The trend is recent, which means it merits further study. For instance, it can’t be said with any amount of certitude that this is how the electorate in other states will behave. It seems inconceivable that the Trinamool Congress and the CPI(M), bitter rivals in West Bengal will ever come together. Still, with its dominance of elections since late 2013, the BJP has created strange bedfellows, parties that have traditionally fought each other and, in some cases, whose ideologies are conflicting. Their very survival threatened, many have discovered a new, if temporary ideology – to simply be anti-BJP. And in Uttar Pradesh, these parties have managed to convince their voters that an anti-BJP vote is in their best interests too.
Coalitions, even pre-poll ones aren’t new in India. Usually, though, they involve partnerships between parties that are capable of winning seats on their own. And when the seats are totted up, such coalitions end up with a majority in the assembly or Lok Sabha. The difference in recent by-polls in Uttar Pradesh is that the partnerships this time are at the level of votes, and between parties that can’t win seats on their own unless their respective vote-bases come together (and vote together). Even a cursory review of the history of coalitions in India will highlight the difference.
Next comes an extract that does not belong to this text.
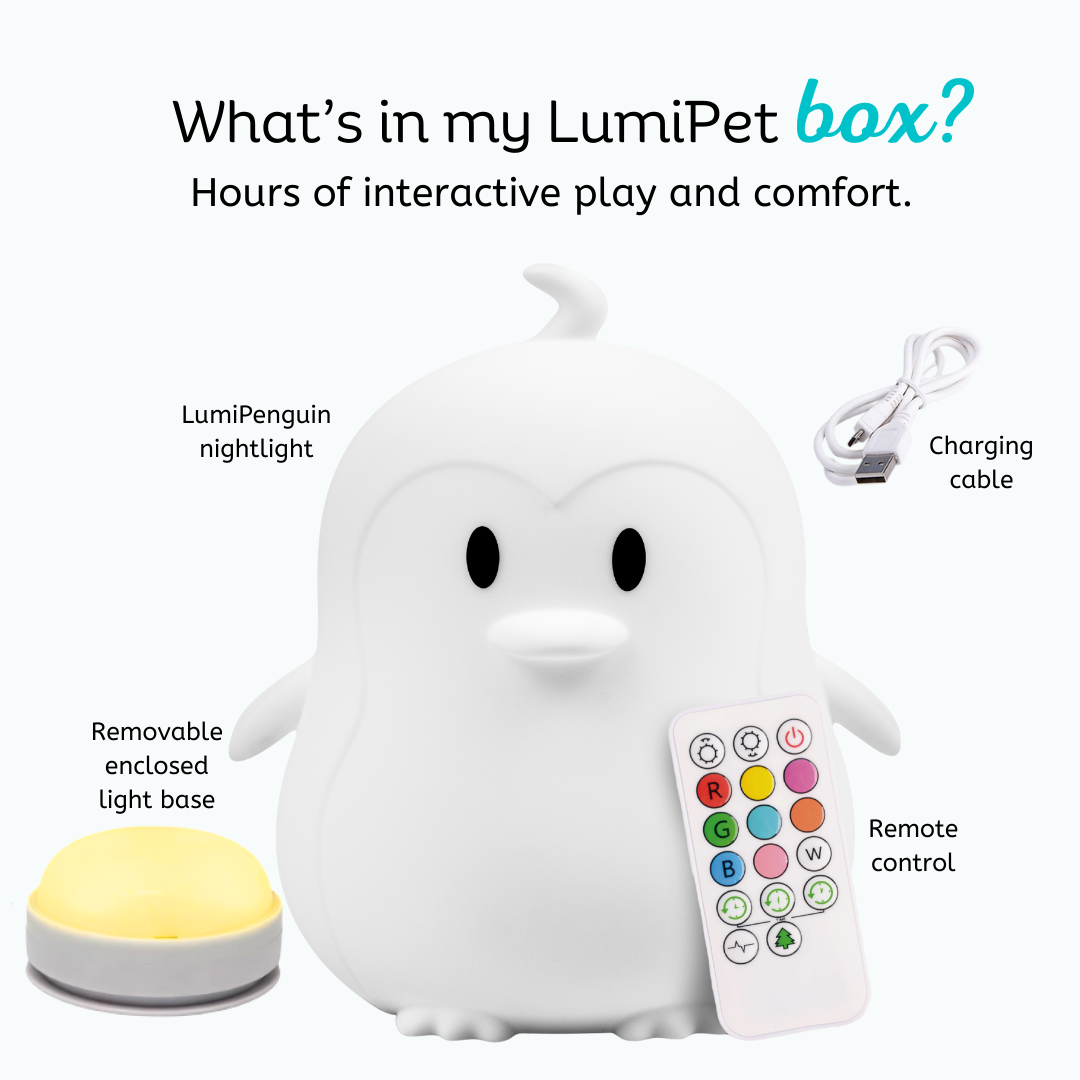 Pebbles the Penguin Night Light: Soft LED Lamp | LumiPets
One reason behind the trend could be that just like parties, voters across the spectrum are also becoming disenchanted with the BJP. Dalits, Muslims, and the dominant farming community across regions (largely OBC), all have reason to be unhappy with the ruling dispensation in New Delhi. The Muslims believe they have lost their voice; the Dalits believe they never had one, and that the BJP isn’t particularly interested in giving them one; and once prosperous farming communities have been ravaged by the ongoing (and seemingly never-ending agrarian crisis). In some cases, they are unhappy enough to simply cast an anti-vote for a consensus non-BJP candidate. In some ways, both at the level of the parties and voters, the BJP has brought this upon itself with its complete dominance of electoral politics over the past five years, barring an odd upset or two.
What does this mean for the BJP? And what does it mean for the opposition?
For both, it means that even in a first-past-the-post election system such as India, the magic figure is now at least 50% of the votes polled. For instance, the BJP won the recent Palghar Lok Sabha election in Maharashtra, a multi-cornered fight, with a mere 31.4% of the votes polled; it lost the Kairana Lok Sabha election, a straight fight between it and a unified opposition, despite getting 46.7% of the votes polled.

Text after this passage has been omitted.